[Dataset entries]
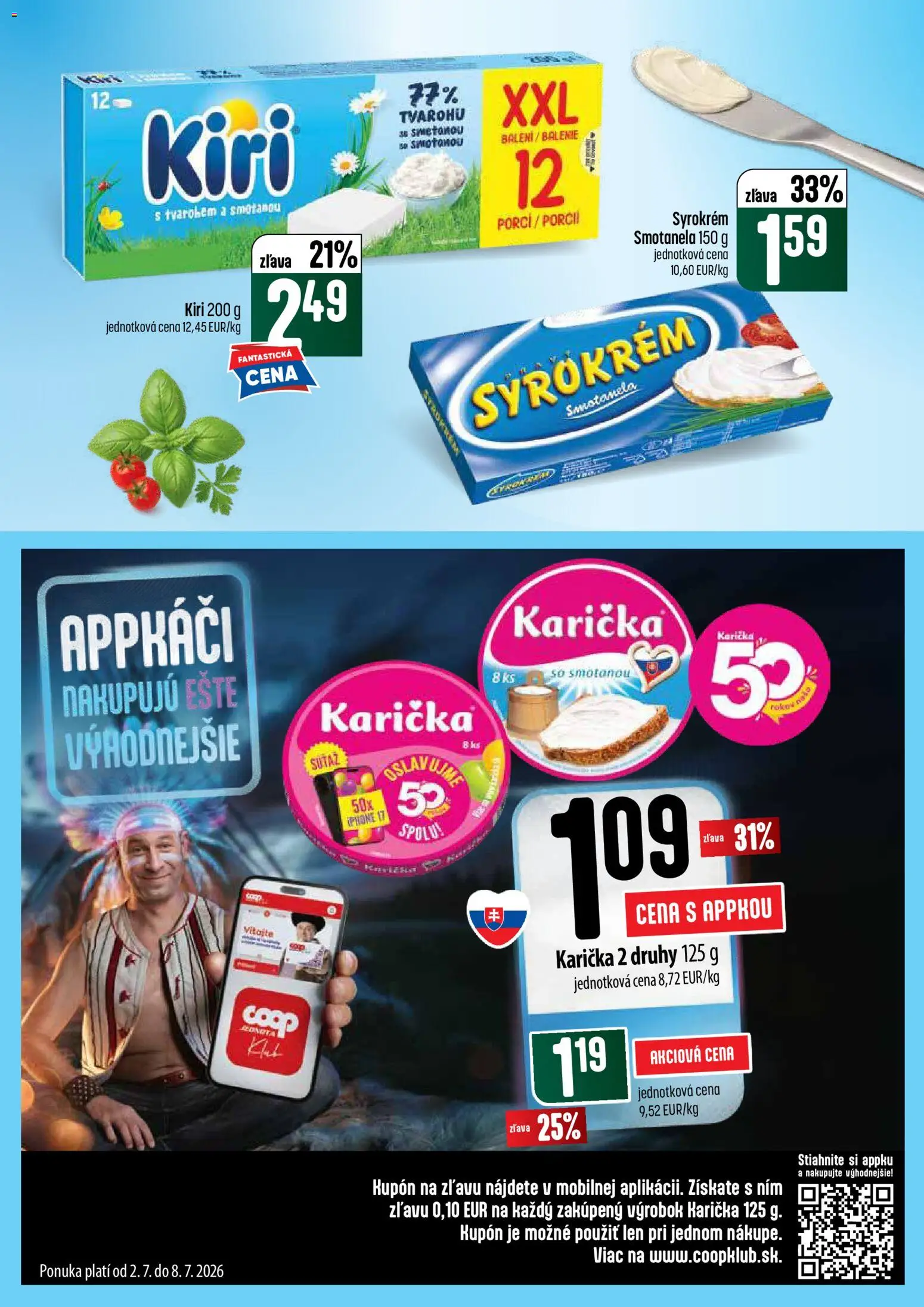 Nové COOP Jednota akcie – leták je platný od 02.07.2026 | Strana: 21 | Produkty: Iphone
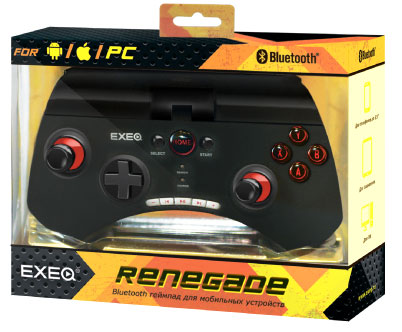 Обзор EXEQ Renegade — достоен называться мобильным геймпадом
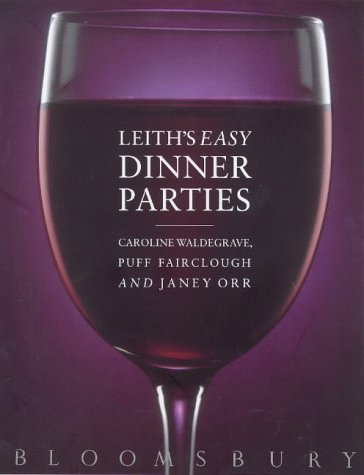 Imagen de archivo de Leiths Easy Dinner Parties a la venta por Better World Books
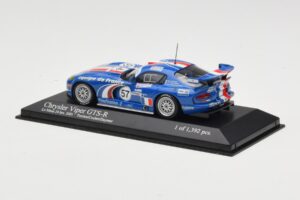 Dodge Viper GTS-R #57 Terrien / Cochet / Dayraut Le Mans 24 Hours 2001 Minichamps 1:43 400011457 Metal - imagem 3 de 4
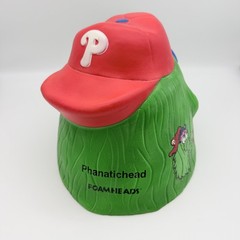 Philadelphia Phillies Phanatic Foam Head Hat Vintage 2005 RARE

Work item — Every picture stays out; reproduce exactly the lines from the one with "Обзор EXEQ Renegade" through the last line of the data above.

Written reply —
 Обзор EXEQ Renegade — достоен называться мобильным геймпадом
 Imagen de archivo de Leiths Easy Dinner Parties a la venta por Better World Books
 Dodge Viper GTS-R #57 Terrien / Cochet / Dayraut Le Mans 24 Hours 2001 Minichamps 1:43 400011457 Metal - imagem 3 de 4
 Philadelphia Phillies Phanatic Foam Head Hat Vintage 2005 RARE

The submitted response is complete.